Global Business Manager Aerospace, Defense and Innovation, Schunk Kohlenstofftechnik GmbH, Germany

Fiber-Reinforced Composites for Next-Generation Fusion and Fission Reactors: Advances and Opportunities

Plenary room, Tuesday, 15. September 2026, 09:00 - 09.45

Recent advances in composite materials highlight their growing importance for both fusion and next?generation fission reactors. Tungsten fiber-reinforced tungsten (Wf/W) composites have demonstrated substantial improvements in toughness, pseudo-ductility, and thermal shock resistance, addressing tungsten’s intrinsic brittleness under extreme heat loads in fusion environments. Parallel developments in silicon-carbide fiber–reinforced SiC matrix (SiC-SiC) composites show exceptional irradiation tolerance, high-temperature strength, and favorable nuclear properties, making them strong candidates for fuel cladding and structural components in advanced fission systems as well as future fusion devices.

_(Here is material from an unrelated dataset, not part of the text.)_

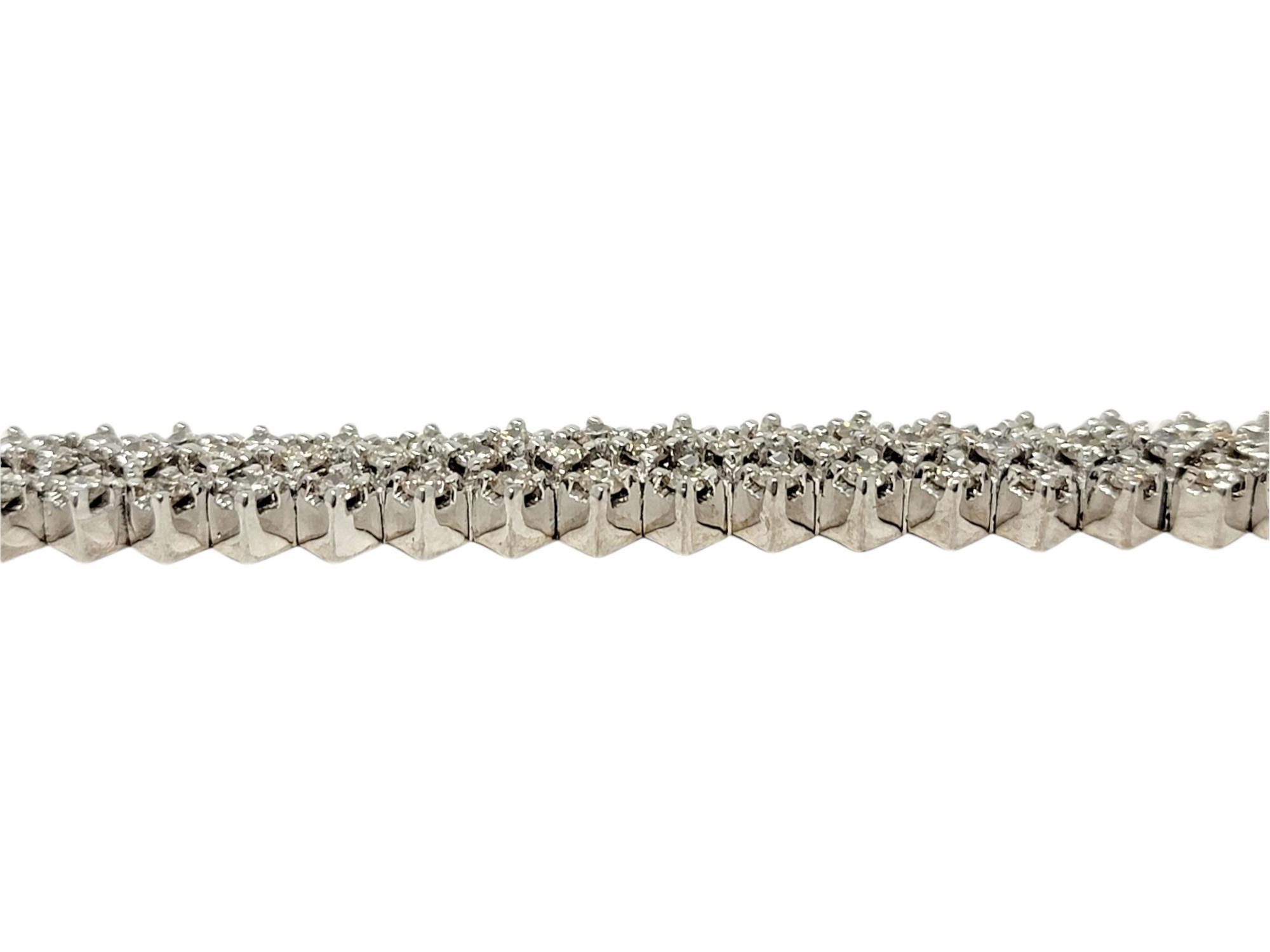 Bracelet à maillons à chevrons en or blanc 14 carats avec diamants ronds naturels de 6,75 carats en vente 1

Together, these material systems illustrate a broader trend: engineered fiber-reinforced composites enable superior resistance to neutron damage, thermal stresses, and corrosive environments, addressing key reliability challenges across reactor concepts. Their maturation is poised to significantly enhance reactor safety margins, component lifetimes, and overall performance in forthcoming nuclear energy technologies.

Plenary speaker III

Prof. Dr. Suelen Barg

Institut für Materials Resource Management, University of Augsburg, Germany

MXenes in Functional Applications: from Energy to Ceramic Pathways

Plenary room, Tuesday, 15. September 2026, 10:00 - 10.45

MXenes are a rapidly emerging class of two-dimensional materials with significant potential in functional applications, particularly in energy storage and related electrochemical applications. Their unique combination of electrical conductivity, surface chemistry, and processability enables high-performance materials while supporting efficient formulation and processing as well as simpler material designs. At the same time, their behaviour can be strongly influenced by processing and operating conditions, affecting stability, performance, and potential transformations. Understanding and controlling these aspects is key to unlocking their broader use. This talk provides a perspective on MXenes across functional applications, highlighting current developments and exploring how these materials may open new pathways toward ceramic systems.